Nous ne remercierons jamais assez Iello de nous avoir envoyé cet exemplaire de test pour pouvoir vous donner notre avis sur ce jeu, qui, de prime abord, nous a laissé froid comme un iceberg. Mais les gens de chez Iello sont fourbes, et nous les soupçonnons d’avoir cerné ce qui nous plaisait car, après une bonne paire de parties, on a plutôt envie de vous conseiller de l’acheter, ce jeu.
Le Nord. Non, pas le Nord de « Bienvenue chez les Chtis », l’autre. Le Nooooooord. Le Grand Nord. Peuplés de Pingouins, d’Ours Blanc prêts à vous décapsuler la tête pour se repaitre ensuite de vos entrailles, de phoques trop choupi qu’il faudra attraper pour en faire des manteaux et des chaussures seules capables de vous préserver du froid polaire. C’est de ce Nord-là dont il est question ici.
Celui qui vous mettra dans la peau d’un chef de clan, tantôt porté sur le nomadisme, tantôt sur la chopine… mais avec toujours à l’esprit la nécessité vitale, que dis-je, presque viscérale de conquérir, de s’imposer aux autres par la force, la ruse ou la traîtrise pour étendre son emprise sur ce territoire désertique et hostile et constituer un véritable Empire… du Nord (vous y êtes ?)

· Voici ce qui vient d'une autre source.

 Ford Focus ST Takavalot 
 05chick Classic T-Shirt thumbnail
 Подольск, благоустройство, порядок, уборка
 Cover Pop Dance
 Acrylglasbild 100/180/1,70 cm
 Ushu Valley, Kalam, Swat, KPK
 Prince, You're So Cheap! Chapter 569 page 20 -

Empires du Nord est la dernière itération d’une série qui a déjà connu quelques titres tant dans la sphère vidéoludique que dans notre petit monde du jeu de société. Impérials Settlers, car c’est de lui qu’il s’agit, nous met donc en charge de constituer un empire, de le développer, en nous mettant dans la peau d’un chef de clan qui devra partir de pas grand-chose pour atteindre des objectifs lui assurant gloire, prospérité et panse bien tendue.

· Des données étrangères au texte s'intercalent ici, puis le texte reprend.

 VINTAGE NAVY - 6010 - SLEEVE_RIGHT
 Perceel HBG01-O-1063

De prime abord, le joueur non averti espèrera trouver là un jeu très sérieux, à la Civilisation, avec des tokens par centaines, des dés à ne plus savoir qu’en faire, des meeples… Oh, wait, en fait, on a bien un joli tas de matériel… mais là s’arrête l’aspect « sérieux » du jeu dont il est question aujourd’hui. Parce qu’en jetant un œil même rapide à la boîte et à son contenu, on comprend vite que le jeu se veut beaucoup plus agréable à jouer, en offrant des illustrations chatoyantes, des personnages à la physionomie bonhomme et presque enfantine, et des règles aussi succinctes que bien écrites. C’est simple, on se croirait presque dans un jeu pour enfant.
Presque…
Toute la nuance tient dans ce mot. Parce que si les meeples qui vont peupler notre empire sont d’un joli rose bonbon, si les moutons qu’on enlève sont vraiment « trop meugnons », si les illustrations vous rappellent irrésistiblement les albums d’un certain Gaulois et de son ami ventripotent, le fond du jeu n’en demeure pas moins bien corsé et vous assure quelques belles réflexions pour décider de la carte à jouer, de l’effet à activer ou de l’action à déclencher au bon moment.

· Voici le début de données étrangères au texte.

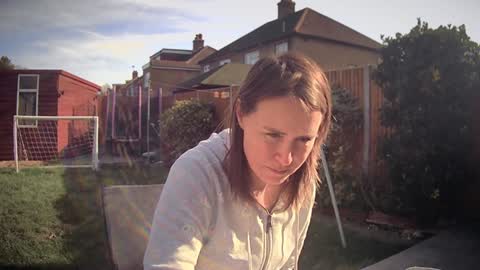 Nadia Ferreira  online show from 03-02-26, 10:22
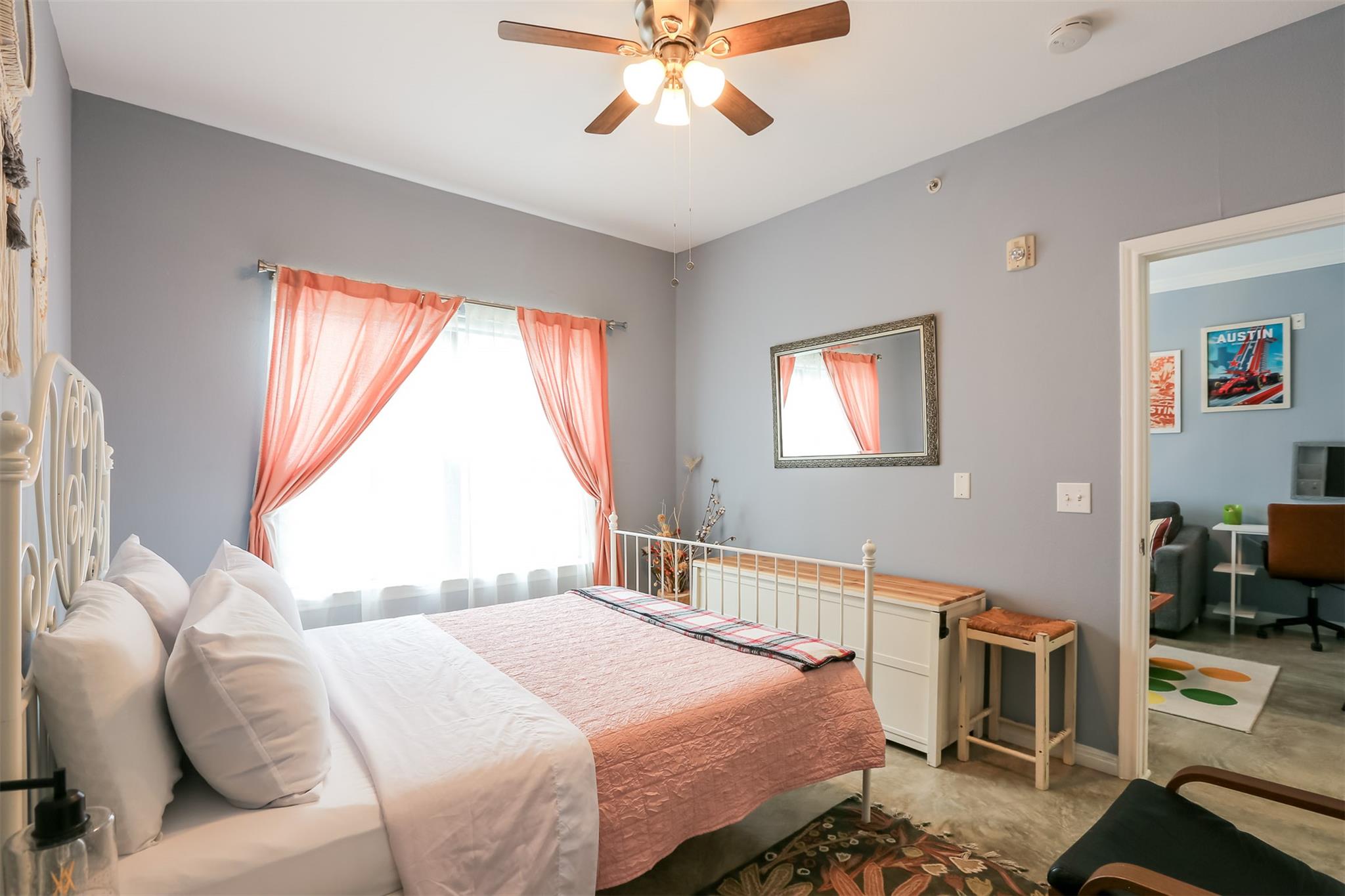 2502 Leon St # 418, Austin, TX 78705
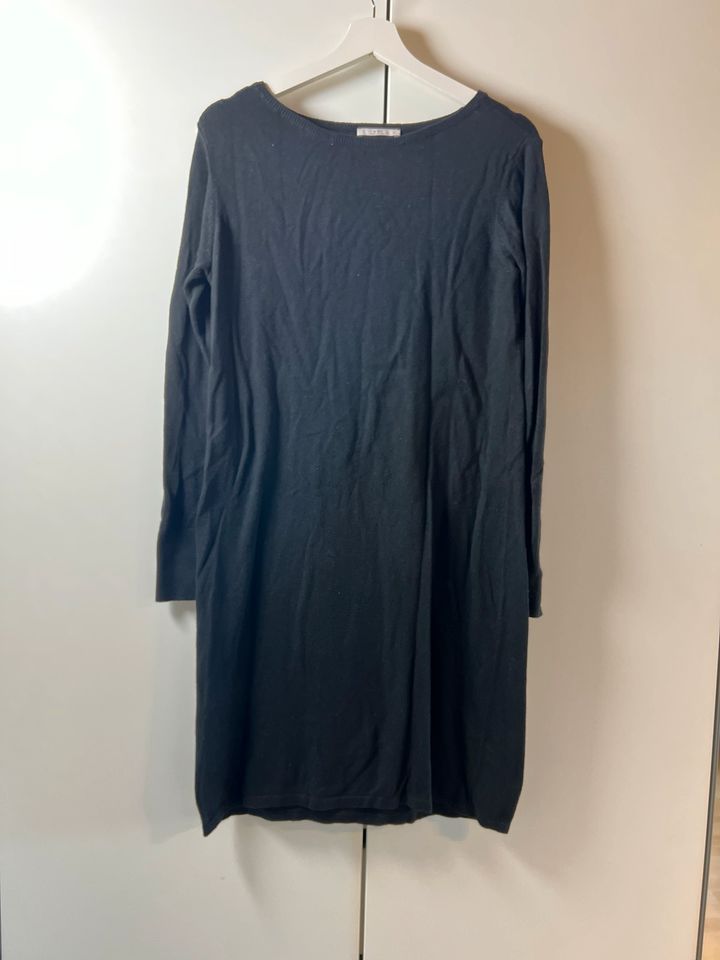 edc ESPRIT Langer Pullover/Kleid Größe L in Bischofsheim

Pour ajouter à tout ça, le mode solo se veut en plus très nerveux et dynamique. Ainsi, vous n’aurez que 4 tours pour atteindre l’objectif de l’un des 4 scénarios de la boîte de base (4 extensions existent déjà, qui rajoutent des clans supplémentaires et des points de règles qui renouvellent l’expérience). Le jeu se prête de plus parfaitement à la rédaction de scénarios « fan made », Iello encourageant même l’experience en proposant un petit PNP reprenant le graphisme du livret de scénario « officiel ».
Veni, Vidi, Vinci (oui, enfin, Vinci… faut voir)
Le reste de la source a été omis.